The parish of Maenan and Llanddoged, Conwy Valley.

When we moved to Wales from deepest, darkest Essex, we took the precaution of renting a house for six months – we knew nothing of the area, and it turned out (in some ways) to be a wise move. North Wales is not one uniform, lovely green place you can randomly land in. Take Blaenau Ffestiniog, for example, the ultimate Slate Town, where the rain never stops falling. Or Trefriw, much of which sees no sun at all during the winter. Those things you learn from experience.

The place we rented was no run-of-the-mill house, however. It was an old school – Yr Hen Ysgol in Welsh, in the rambling parish of Maenan, which meanders along one side of the Conwy Valley, between Eglwysbach and Llanddoged. It’s not so much a village as small collections of houses, dotted here and there on steep and meandering country tracks. The school was a massive, grey granite building, sitting on a slight rise with a forest crowding behind it. The only other house nearby was a tiny cottage right next door, which had once been the schoolmaster’s house and was now home to a lovely young family. There was nothing else for the best part of a mile around.

The short road to the school was insanely steep and tortuous – when we went to see the place for the first time I just stared at it, started giggling wildly and hid under the seat. Fortunately hubby was driving, but I suspect I’d have done the same had I been behind the wheel. I never did drive in or out, once, in the time we stayed there. Frankly, it is a road for mountain goats, not people.

First impressions were wonderful – the school had stopped being a school some years before, and had been bought by our landlady, a pleasant woman who lived behind the property in what had been the school kitchens. So the isolation was not total, but the feeling of remoteness, the proximity of the forest and the stern beauty of the school itself made us agree to rent in a heartbeat.

I still remember it fondly, although there was the odd shadow.

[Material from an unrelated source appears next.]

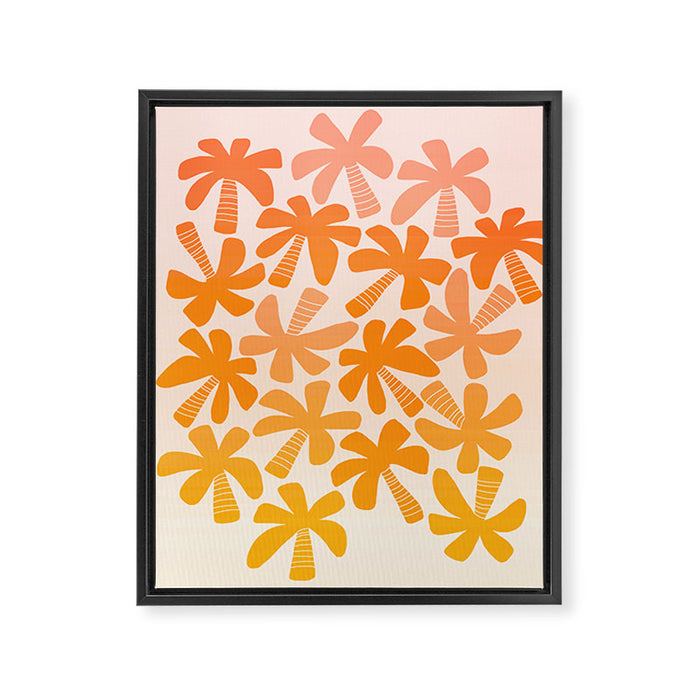 Retro Palms - ombre sunset Framed Canvas Print Gallery Image 1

One related to a particular room in the school’s rambling interior, which had been almost entirely, and idiosyncratically, redesigned.

The school had four bedrooms divided into two completely separate pairs, one at each end of the building, which were accessed through their own set of stairs. In between was the massive full-height lounge and kitchen area, large enough for a small football match, had we cared to start one.

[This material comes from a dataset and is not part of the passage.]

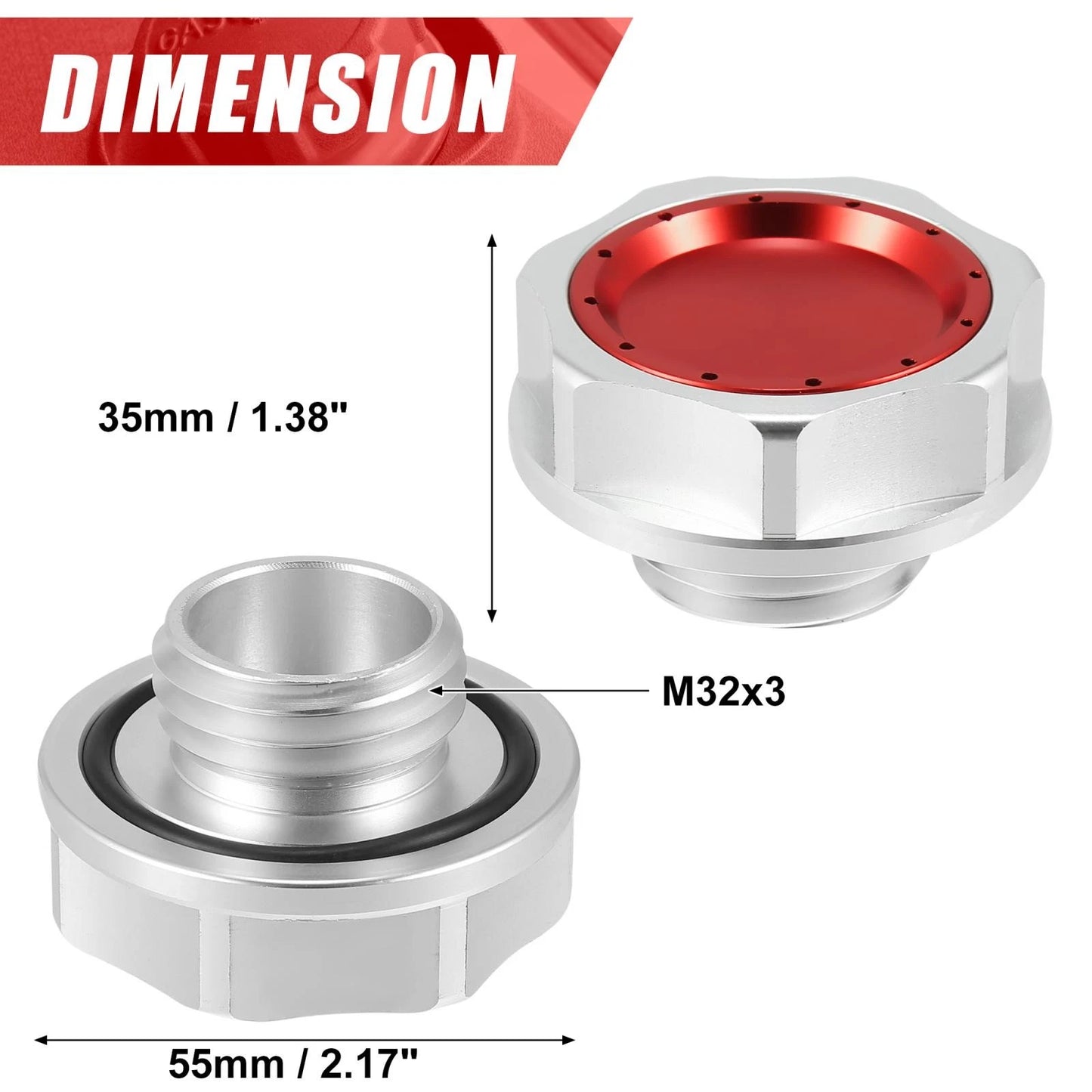 Oil Filler Cap Plug Cover Red for Acura Integra TSX & Honda CR-Z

The master bedroom was at the far end of the school, up a modern, curved staircase. The bedroom next to it we managed to fill entirely with boxes – those possessions that we’d wrapped, and stowed, till we reached our final destination.

The other pair of bedrooms were accessed through an old, original staircase at the back of what would once have been the cloakroom but now served as a hallway. One of those was also stuffed full of boxes and the other was the spare room, in case anyone visited. It was sparsely furnished with a bed, dressing table and cupboards and a couple of anonymous pictures.

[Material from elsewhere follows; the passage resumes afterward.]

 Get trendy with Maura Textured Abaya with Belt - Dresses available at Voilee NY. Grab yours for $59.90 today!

I thought very little about it, as I was constantly busy trying to arrange viewings of houses, trekking up the steep forest path on dog walks and somehow fitting in my writing. Then one night, feeling unwell, I decided my restless sleeping was disturbing my other half and the dogs, so I quietly tiptoed through the cavernous, darkened lounge, up the far set of stairs and into the spare bedroom, thinking to spend the night there.

This proved to be easier said than done. Sleep did not come easily, partly because I was feeling bad but also because of a strange sense of being watched. This grew stronger and stronger, as time passed, but in the end I dropped off – only to wake with a huge start, heart pounding, with a vivid feeling of dread, and threat.

Needless to say, I scuttled back to the other room quickly, and it was several days before I entered the other bedroom again. From that time on, every time I entered that room I had the distinct sense of another presence, and a faint whisper of the fear that had come to me that night. It was nothing tangible, but nevertheless, I did not go there often.

I am curious, though. At a safe distance in time and place, I wonder why this should have been so? What was it that made that particular room seem so threatening? Is it something in the school’s history, perhaps, that I know nothing of? I heard vague tales of a strict headmistress. Perhaps this was the room where naughty pupils were brought for punishment? I would love to know.

Perhaps it is something more esoteric, such as infrasound, which has been found to be at the root of a number of reports of ghostly happenings and sudden changes of mood. I would welcome ideas.